This is the story of the Going Home. This is the story of the Critical Path. This is the story of the lorry roaring through the sleeping city and out into the country lanes, smashing through street lamps and swinging from side to side and shattering shop windows and rolling to a halt when the police chased it. And when the baffled men went back to their car to report Listen, will you, listen? There isn’t anyone driving it!, it became the story of the lorry that started up again, rolled away from the astonished men, and vanished into the night.
But the story didn’t end there. It didn’t start there, either. The sky rained dismal. It rained humdrum. It rained the kind of rain that is so much wetter than normal rain, the kind of rain that comes down in big drops and splats, the kind of rain that is merely an upright sea with slots in it. It rained a tattoo on the old hamburger boxes and chip papers in the wire basket that was giving Masklin a temporary hiding place. Look at him. Wet. Cold. Extremely worried. And four inches high.

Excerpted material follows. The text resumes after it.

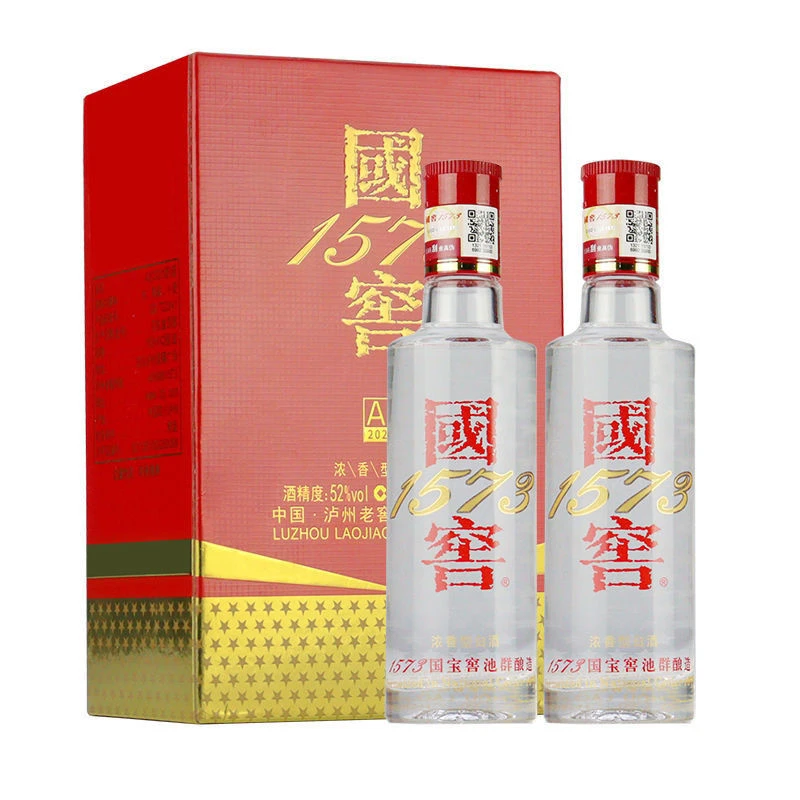 国窖1573小酒礼盒(A2) 浓香型白酒52度52度100ml*2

The waste-bin was usually a good hunting ground, even in winter. There were often a few cold chips in their wrapping, sometimes even a chicken bone. Once or twice there had been a rat, too. It had been a really good day when there had last been a rat – it had kept them going for a week. The trouble was that you could get pretty fed up with rat by the third day. By the third mouthful, come to that.

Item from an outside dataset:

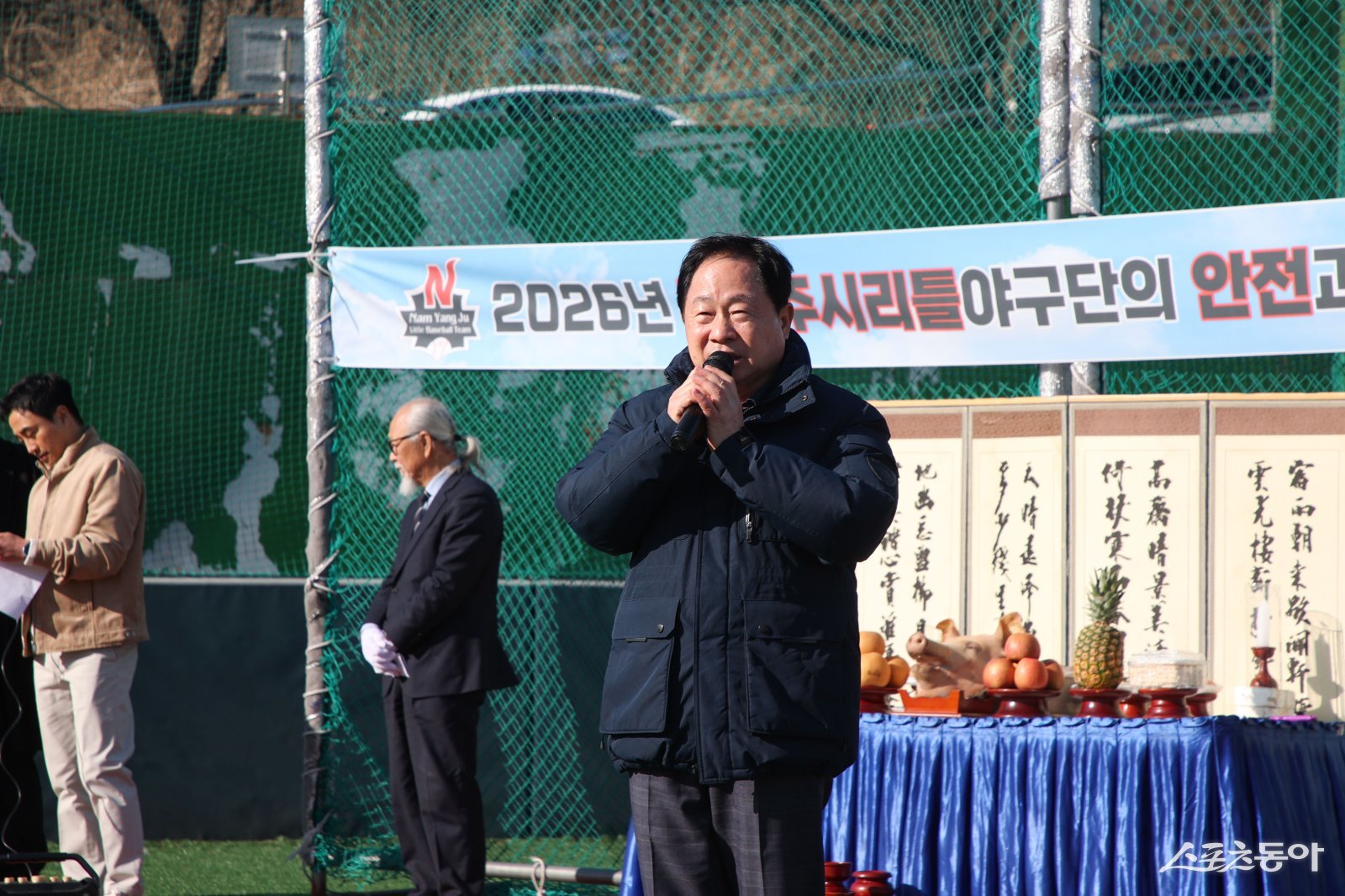 주광덕 시장은 지난 7일 남양주체육문화센터 유소년야구장에서 2026년 새 시즌 앞두고 ‘안전기원제’ 개최하고 인사말을 하고 앴다. 사진제공ㅣ남양주시 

Masklin scanned the lorry park. And here it came, right on time, crashing through the puddles and pulling up with a hiss of brakes.
He’d watched this lorry arrive every Tuesday and Thursday morning for the last four weeks. He timed the driver’s stop carefully. They had exactly three minutes. To someone the size of a nome, that’s more than half an hour. He scrambled down through the greasy paper, dropped out of the bottom of the bin, and ran for the bushes at the edge of the park where Grimma and the old folk were waiting. ‘It’s here! ’ he said. ‘Come on! ’ They got to their feet, groaning and grumbling. He’d taken them through this dozens of times. He knew it wasn’t any good shouting. They just got upset and confused, and then they’d grumble some more. They grumbled about cold chips, even when Grimma warmed them up. They moaned about rat. He’d seriously thought about leaving alone, but he couldn’t bring himself to do it. They needed him. They needed someone to grumble at. But they were too slow. He felt like bursting into tears.
He turned to Grimma instead. ‘Come on, ’ he said. ‘Give them a prod, or something. They’ll never get moving! ’ She patted his hand. ‘They’re frightened, ’ she said. ‘You go on. I’ll bring them out. ’ There wasn’t time to argue. Masklin ran back across the soaking mud of the park, unslinging the rope and grapnel. It had taken him a week to make the hook, out of a bit of wire teased off a fence, and he’d spent days practising; he was already swinging it around his head as he reached the lorry’s wheel. The hook caught the tarpaulin high above him at the second try. He tested it once or twice and then, his feet scrabbling for a grip on the tyre, pulled himself up.
He’d done it before. Oh, he’d done it three or four times. He scrambled under the heavy tarpaulin and into the darkness beyond, pulling out more line and tying it as tightly as possible around one of the ropes that were as thick as his arm. Then he slid back to the edge and, thank goodness, Grimma was herding the old people across the gravel. He could hear them complaining about the puddles.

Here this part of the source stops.